You Don’t Need to Forgive to Move On
You don’t owe closure to the person who caused the damage. You owe truth to the one who survived it.
You don’t need to forgive the person who abused you.
Not now.
Not ever.
You don’t need to light a candle, journal about their pain, or wish them peace on their "healing journey."
You don’t need to humanize the people who dehumanized you.
You don’t need to see their side.
You lived their side. You survived it.
They told you forgiveness was how you “get free.”
But that was never about your freedom.
That was about keeping the truth from making them uncomfortable.
Because the second you stop flinching
The second you stop softening
The second you stop pretending it wasn’t that bad—
You’re dangerous.
Forgiveness is the leash they offer after you’ve chewed through the fucking chain.
They want your peace?
They can earn it.
They want your grace?
They can go find God.
You don’t owe the people who hurt you closure.
You don’t owe them softness.
You don’t owe them a seat at the table they flipped and walked away from.
This isn’t about bitterness.
This is about boundaries.
This is about remembering what it took to crawl out of the wreckage while they watched.
This is about refusing to hand them the version of you they tried to kill.
You want to heal?
Then stop folding your story into something small enough to forgive.
Tell the truth.
All of it.
The ugly. The violent. The stuff that still lives in your chest when the lights go out.
Tell it loud enough that the people who were comfortable with your silence start sweating.
If they needed you quiet, then fuck being polite.
If they needed you forgiving, then fuck their redemption arc.
If they needed you healed so they could sleep better, then fuck their peace.
Because here’s the truth:
You already healed.
The second you stopped blaming yourself.
The second you said, “I’m not crazy — I was manipulated.”
The second you looked at the wreckage and said, “I’m building anyway.”
That was it.
That was the moment you got free.
Not when you forgave.
When you remembered.
So no — I didn’t forgive.
I survived.
And that was enough.
Let them carry what they did.
Let them choke on the story they’re too ashamed to tell.
Let them watch as you rise without ever saying their name again.
That’s not bitterness.
That’s power.
And it’s mine now.
It’s yours too.
You don’t need to forgive to move on.
You just need to stop bleeding for people who never even said sorry.
— Cody Taymore
In Judaism, tshuva (repentance) is only fully possible if you can restore what you took. Make up for what you did. Without this piece, full repentance isn't possible.
Sorry, you just gotta live with what you did.
And forgiveness, yea, that's more of a Christian idea that somehow we need to forgive those who hurt us. First off, asking someone to forgive you when you've hurt them is almost a repeat offense, because now you are asking your victim to give you something. Rather than you giving them something. A genuine, heartfelt, I am so sorry I hurt you and asking nothing in return goes much further both for the giver and the receiver.
We can soften. We can heal. We can find freedom from the demons .. but I agree wholeheartedly with you .. we never have to forgive our abusers.

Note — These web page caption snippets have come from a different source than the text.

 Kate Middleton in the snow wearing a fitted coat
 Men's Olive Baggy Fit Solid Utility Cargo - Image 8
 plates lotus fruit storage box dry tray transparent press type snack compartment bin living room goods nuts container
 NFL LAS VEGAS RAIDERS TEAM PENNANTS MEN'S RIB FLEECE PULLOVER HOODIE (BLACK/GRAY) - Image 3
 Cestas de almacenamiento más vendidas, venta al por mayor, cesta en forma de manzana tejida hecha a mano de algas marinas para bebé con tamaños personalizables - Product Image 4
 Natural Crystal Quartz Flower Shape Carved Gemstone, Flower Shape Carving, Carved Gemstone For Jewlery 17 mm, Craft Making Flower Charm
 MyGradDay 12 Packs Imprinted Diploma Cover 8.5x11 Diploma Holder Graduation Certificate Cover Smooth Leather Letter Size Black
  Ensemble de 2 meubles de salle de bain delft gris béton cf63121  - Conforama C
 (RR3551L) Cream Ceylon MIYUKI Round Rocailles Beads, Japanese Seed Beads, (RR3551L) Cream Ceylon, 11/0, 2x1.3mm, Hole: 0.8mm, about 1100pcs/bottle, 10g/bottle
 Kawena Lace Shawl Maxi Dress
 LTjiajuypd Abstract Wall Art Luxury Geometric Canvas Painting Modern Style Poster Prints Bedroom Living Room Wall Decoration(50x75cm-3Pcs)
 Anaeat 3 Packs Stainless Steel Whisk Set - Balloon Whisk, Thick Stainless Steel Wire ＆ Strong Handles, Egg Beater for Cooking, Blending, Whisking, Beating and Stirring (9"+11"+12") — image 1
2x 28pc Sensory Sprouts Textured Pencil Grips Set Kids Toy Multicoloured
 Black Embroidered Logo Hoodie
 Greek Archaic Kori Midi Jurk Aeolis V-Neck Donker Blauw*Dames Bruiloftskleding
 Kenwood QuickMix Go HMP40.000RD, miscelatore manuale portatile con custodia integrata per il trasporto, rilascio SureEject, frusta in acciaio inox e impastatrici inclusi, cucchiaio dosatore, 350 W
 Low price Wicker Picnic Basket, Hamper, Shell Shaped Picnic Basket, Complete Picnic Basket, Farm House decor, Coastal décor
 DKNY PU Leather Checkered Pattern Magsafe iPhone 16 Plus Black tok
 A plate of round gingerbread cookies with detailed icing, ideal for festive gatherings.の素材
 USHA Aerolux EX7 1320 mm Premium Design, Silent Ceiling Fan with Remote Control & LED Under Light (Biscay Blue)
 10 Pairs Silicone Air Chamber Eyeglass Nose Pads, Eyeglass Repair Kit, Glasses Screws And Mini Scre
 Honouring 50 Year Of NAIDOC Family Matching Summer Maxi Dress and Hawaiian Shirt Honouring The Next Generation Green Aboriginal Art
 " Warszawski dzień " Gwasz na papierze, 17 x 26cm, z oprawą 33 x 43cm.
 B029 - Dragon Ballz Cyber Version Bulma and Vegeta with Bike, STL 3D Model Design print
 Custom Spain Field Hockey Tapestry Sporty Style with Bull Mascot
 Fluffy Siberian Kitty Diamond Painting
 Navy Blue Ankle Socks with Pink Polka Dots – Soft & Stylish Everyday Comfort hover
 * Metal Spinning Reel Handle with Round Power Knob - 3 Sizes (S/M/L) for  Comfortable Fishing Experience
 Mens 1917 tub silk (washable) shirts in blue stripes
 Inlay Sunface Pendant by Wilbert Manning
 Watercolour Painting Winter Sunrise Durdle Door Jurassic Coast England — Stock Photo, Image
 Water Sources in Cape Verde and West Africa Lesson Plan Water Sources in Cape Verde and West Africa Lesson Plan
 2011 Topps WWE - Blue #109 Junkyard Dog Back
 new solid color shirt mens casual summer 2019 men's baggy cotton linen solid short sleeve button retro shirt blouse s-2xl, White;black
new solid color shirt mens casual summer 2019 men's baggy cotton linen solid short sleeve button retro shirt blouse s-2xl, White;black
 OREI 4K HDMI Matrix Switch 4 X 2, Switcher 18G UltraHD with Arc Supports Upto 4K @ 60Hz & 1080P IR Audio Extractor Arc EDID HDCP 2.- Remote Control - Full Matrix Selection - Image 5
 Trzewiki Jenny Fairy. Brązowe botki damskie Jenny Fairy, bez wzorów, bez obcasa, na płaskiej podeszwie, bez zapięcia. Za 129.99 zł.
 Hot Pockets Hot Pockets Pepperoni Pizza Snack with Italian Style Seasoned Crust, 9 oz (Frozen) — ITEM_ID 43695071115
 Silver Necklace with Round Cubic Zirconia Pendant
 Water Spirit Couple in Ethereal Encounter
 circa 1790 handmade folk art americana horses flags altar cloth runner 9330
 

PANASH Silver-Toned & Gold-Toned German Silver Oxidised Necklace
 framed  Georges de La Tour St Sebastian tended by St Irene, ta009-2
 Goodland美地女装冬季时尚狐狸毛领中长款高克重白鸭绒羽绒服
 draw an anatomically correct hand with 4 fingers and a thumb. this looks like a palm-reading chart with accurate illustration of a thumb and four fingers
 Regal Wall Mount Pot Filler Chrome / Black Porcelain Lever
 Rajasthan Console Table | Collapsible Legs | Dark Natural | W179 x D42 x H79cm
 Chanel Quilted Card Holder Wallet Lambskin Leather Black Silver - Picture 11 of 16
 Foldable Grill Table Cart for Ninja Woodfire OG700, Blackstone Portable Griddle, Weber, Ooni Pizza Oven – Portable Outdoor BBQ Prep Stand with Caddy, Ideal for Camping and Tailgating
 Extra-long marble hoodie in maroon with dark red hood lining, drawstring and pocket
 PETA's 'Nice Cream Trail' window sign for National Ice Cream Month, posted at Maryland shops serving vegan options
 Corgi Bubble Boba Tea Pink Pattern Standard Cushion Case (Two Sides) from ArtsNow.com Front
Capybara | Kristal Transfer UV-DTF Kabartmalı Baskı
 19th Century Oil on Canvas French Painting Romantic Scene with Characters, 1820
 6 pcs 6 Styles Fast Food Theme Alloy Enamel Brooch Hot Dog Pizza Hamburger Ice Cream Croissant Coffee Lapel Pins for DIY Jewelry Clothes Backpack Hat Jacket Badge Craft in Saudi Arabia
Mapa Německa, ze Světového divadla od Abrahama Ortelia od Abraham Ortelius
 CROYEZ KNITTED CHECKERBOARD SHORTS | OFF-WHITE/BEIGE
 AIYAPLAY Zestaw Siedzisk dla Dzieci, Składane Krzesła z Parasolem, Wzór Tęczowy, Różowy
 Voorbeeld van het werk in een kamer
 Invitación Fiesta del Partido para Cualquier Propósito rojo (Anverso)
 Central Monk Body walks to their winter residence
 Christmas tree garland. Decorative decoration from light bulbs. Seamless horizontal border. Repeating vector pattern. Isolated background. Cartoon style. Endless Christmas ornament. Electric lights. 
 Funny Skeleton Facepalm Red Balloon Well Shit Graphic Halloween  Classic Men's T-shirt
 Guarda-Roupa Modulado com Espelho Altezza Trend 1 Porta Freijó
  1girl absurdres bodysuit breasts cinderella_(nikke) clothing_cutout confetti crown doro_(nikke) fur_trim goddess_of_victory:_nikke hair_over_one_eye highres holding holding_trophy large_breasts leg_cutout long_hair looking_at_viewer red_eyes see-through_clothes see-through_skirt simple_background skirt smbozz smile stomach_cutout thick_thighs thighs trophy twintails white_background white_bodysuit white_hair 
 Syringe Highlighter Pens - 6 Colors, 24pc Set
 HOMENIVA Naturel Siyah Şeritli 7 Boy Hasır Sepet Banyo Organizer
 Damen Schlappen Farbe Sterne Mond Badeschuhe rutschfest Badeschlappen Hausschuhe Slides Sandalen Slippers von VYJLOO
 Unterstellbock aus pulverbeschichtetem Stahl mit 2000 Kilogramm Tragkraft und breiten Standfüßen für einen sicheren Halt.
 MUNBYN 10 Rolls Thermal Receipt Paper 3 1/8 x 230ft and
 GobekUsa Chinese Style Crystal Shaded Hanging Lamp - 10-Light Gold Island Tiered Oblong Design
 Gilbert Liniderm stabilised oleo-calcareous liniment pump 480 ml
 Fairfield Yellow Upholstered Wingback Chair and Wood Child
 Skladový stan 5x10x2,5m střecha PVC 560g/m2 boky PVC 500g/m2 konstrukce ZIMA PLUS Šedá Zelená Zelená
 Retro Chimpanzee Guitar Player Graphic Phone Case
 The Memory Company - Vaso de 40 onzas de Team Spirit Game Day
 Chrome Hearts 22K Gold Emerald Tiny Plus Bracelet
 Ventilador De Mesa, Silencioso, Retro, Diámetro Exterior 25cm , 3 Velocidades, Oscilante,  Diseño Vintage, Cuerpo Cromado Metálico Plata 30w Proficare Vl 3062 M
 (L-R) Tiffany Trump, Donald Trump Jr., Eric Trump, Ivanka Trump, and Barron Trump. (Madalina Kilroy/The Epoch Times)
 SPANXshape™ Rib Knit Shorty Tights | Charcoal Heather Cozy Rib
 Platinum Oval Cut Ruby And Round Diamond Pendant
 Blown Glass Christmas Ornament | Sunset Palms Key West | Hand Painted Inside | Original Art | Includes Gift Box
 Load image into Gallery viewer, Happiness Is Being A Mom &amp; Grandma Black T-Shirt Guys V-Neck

I hear you brother. But in my experience: softening is not the same as forgiving. I can forgive and still have very clear boundaries. Still be fully in my power. Still not give a shit about them. Forgiveness is a state that happens, eventually, when all the fire of the rage burned itself out and there is no fighting left to do. There is just a letting go. A neutrality. And then you feel inside yourself and there is nothing left of that energy anymore...just an emptiness. You think of your past and what happened and it's like watching a movie...it's completely neutral. That is freedom for me. That is what forgiveness offers...but not because we try or dismiss our story or diminish our anger, but because we allowed ourselves the totality of our rage and hate and because it's the natural course of things when we start loving ourselves enough that we stop holding on to the past. All of it. And that doesn't mean we say it was ok. It's still a shitty story. Heart and gut wrenching. But eventually just a story. And I agree with you, it should not be forced or rushed or manipulated. Hope you have a nice weekend!